If you find the simple CRUD application needing to start transactions in the presentation-layer controller, then it might be a good sign to move them into an application service. This usually happens when the controller needs to update more than one entity that does not have a single root. The usual example here is transferring amounts between bank accounts. A transaction is needed to ensure that debit and credit both succeed, or both fail.

package sample.domain.model;
...
@Entity
class Account {...}
...
interface AccountRepository {...}
package sample.interfaces.web;
...
@Controller
class AccountsController {
 private AccountRepository accountRepository;
 ...
 @Transactional
 public ... transfer(...) {...}
}

If you see this, then it might be a good idea to move this (from the presentation layer) to an application-layer service.

package sample.interfaces.web;
...
@Controller
class AccountsController {
 private AccountRepository accountRepository;
 private TransferService transferService;
 ...
 public ... transfer(...) {...}
}
package sample.application;
...
@Service
@Transactional
class TransferService {
 private AccountRepository accountRepository;
 ...
 public ... transfer(...) {...}
}
package sample.domain.model;
...
@Entity
class Account {...}
...
interface AccountRepository {...}

Domain Model Pattern (only) for Complex Logic

I'll use the double-entry accounting as an example. But I'm sure there are more complex logic that's better suited.
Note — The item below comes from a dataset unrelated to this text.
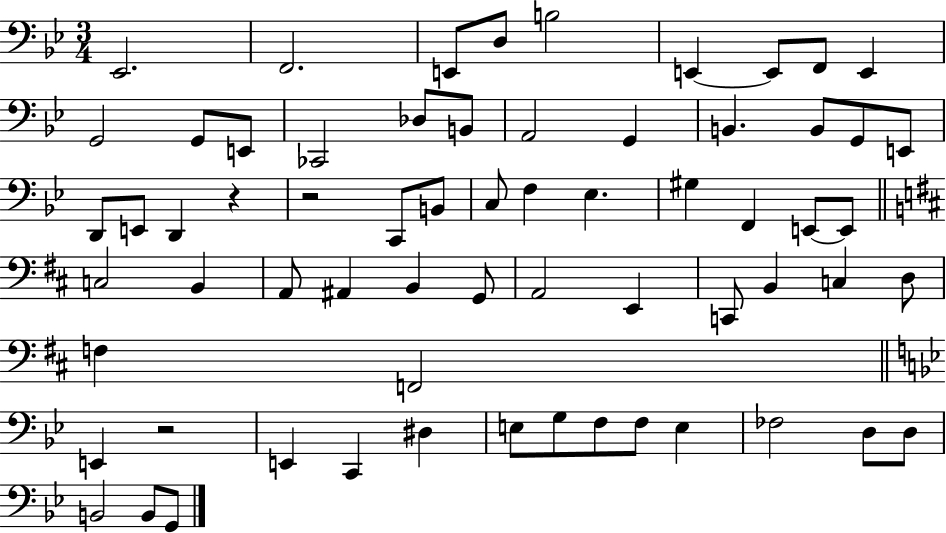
Eb2/h. F2/h. E2/e D3/e B3/h E2/q E2/e F2/e E2/q G2/h G2/e E2/e CES2/h Db3/e B2/e A2/h G2/q B2/q. B2/e G2/e E2/e D2/e E2/e D2/q R/q R/h C2/e B2/e C3/e F3/q Eb3/q. G#3/q F2/q E2/e E2/e C3/h B2/q A2/e A#2/q B2/q G2/e A2/h E2/q C2/e B2/q C3/q D3/e F3/q F2/h E2/q R/h E2/q C2/q D#3/q E3/e G3/e F3/e F3/e E3/q FES3/h D3/e D3/e B2/h B2/e G2/e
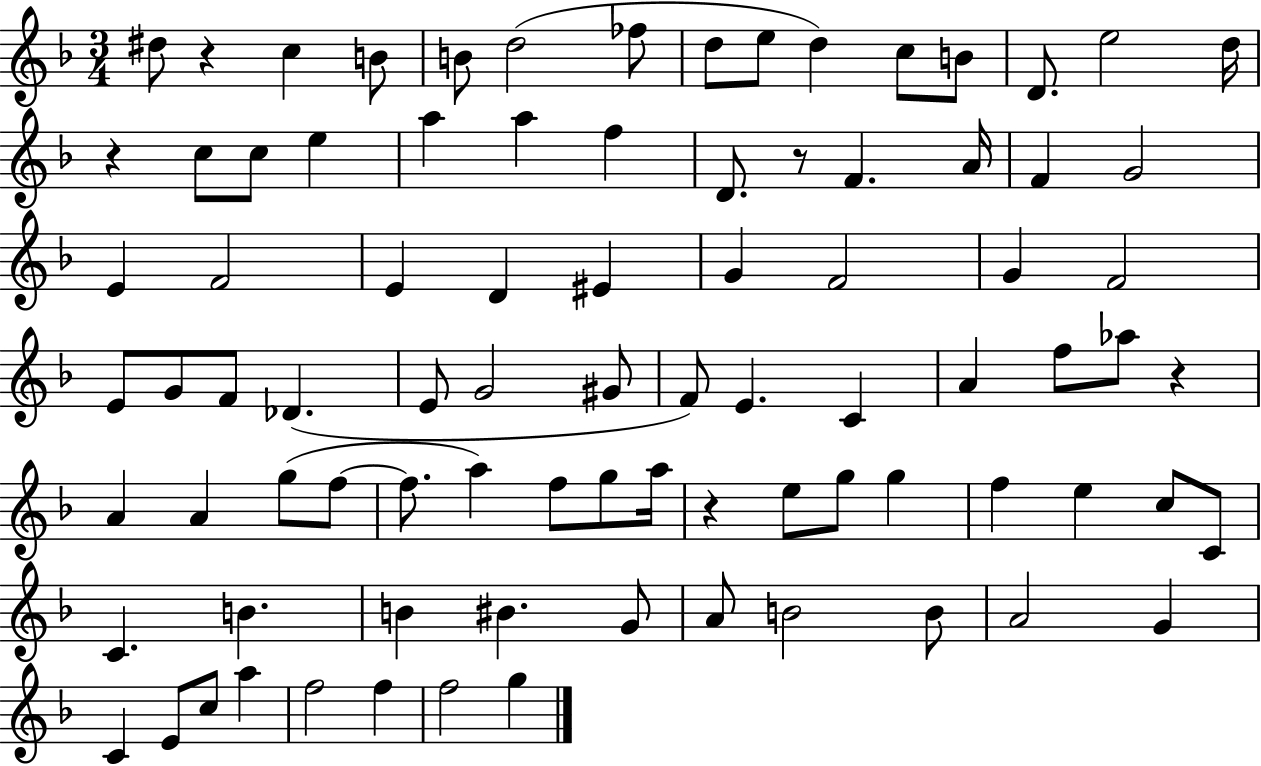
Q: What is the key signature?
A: F major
Let's say we model journal entries and accounts as domain entities. The account contains a balance (a monetary amount). But this amount is not something that one would simply set. A journal entry needs to be created. When the journal entry is posted, it will affect the specified accounts. The account will then update its balance.
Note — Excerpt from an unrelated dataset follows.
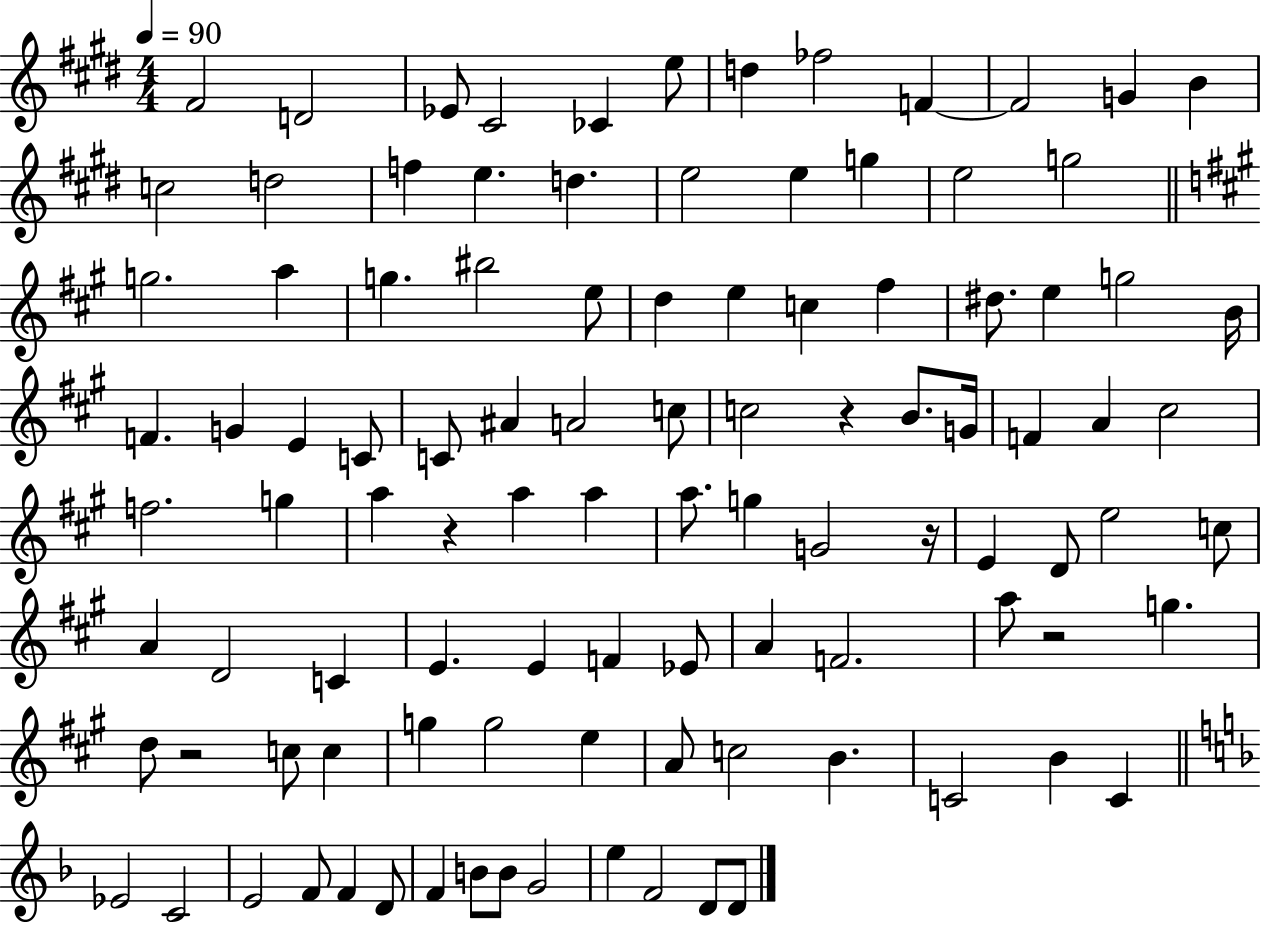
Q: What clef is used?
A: treble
package ….accounting.domain.model;
...
/** Immutable */
@Entity
class JournalEntry {
 // zero-sum items
 @ElementCollection
 private Collection<JournalEntryItem> items;
 ...
}
...
/** A value object */
@Embeddable
class JournalEntryItem {...}
...
interface JournalEntryRepository {...}
...
@Entity
class Account {...}
...
interface AccountRepository {...}
...
@Entity
class AccountTransaction {...}
...
interface AccountTransactionRepository {...}

Now, in this case, a naive implementation would have a presentation-layer controller create a journal entry object, and use a repository to save it. And at some point in time (or if auto-posting is used), the corresponding account transactions are created, with account balances updated. All this needs to be rolled into a transaction (i.e. all-or-nothing).
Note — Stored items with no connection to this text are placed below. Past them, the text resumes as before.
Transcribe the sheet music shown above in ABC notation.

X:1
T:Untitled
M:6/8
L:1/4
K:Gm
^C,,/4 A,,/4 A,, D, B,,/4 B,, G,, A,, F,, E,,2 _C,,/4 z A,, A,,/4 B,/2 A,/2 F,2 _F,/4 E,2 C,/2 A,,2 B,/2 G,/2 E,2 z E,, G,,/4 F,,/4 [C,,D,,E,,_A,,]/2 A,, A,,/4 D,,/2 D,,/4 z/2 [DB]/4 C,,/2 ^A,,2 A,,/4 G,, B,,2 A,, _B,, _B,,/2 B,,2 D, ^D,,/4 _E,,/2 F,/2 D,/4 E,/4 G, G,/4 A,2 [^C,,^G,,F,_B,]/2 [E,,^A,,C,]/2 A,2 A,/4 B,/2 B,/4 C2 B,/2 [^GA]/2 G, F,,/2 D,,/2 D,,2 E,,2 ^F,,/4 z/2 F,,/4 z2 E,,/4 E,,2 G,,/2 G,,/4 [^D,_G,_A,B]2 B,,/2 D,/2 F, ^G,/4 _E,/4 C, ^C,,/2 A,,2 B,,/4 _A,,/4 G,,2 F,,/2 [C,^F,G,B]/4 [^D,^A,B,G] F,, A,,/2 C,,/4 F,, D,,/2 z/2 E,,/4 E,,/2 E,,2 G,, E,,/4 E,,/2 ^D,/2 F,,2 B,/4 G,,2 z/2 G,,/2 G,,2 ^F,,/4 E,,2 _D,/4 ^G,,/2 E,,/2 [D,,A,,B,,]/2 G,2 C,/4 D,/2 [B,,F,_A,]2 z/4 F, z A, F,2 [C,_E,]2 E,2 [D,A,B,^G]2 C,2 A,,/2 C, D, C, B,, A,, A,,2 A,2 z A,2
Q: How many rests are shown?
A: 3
Again, this transaction is ideally moved to an application service.

package ….accounting.application;

@Service
@Transactional
class PostingService {...}

If there's a need to allow the user to browse through journal entries and account transactions, the presentation-layer controller can directly use the corresponding repositories. If the domain entities are not suitable for the view technology (e.g. it doesn't follow JavaBean naming conventions), then the presentation-layer can define DTOs that are suitable for the view. Be careful! Don't change the domain entity just to suit the needs of the presentation-layer.

package ….interfaces.web;

@Controller
class AccountsController {
 private AccountRepository accountRepository;
 private AccountTransactionRepository accountTransactionRepository;
 private PostingService postingService;
  ...
}

In Closing...

So, there you have it. Hopefully, this post can shed some light on when (and when not) to use domain model pattern.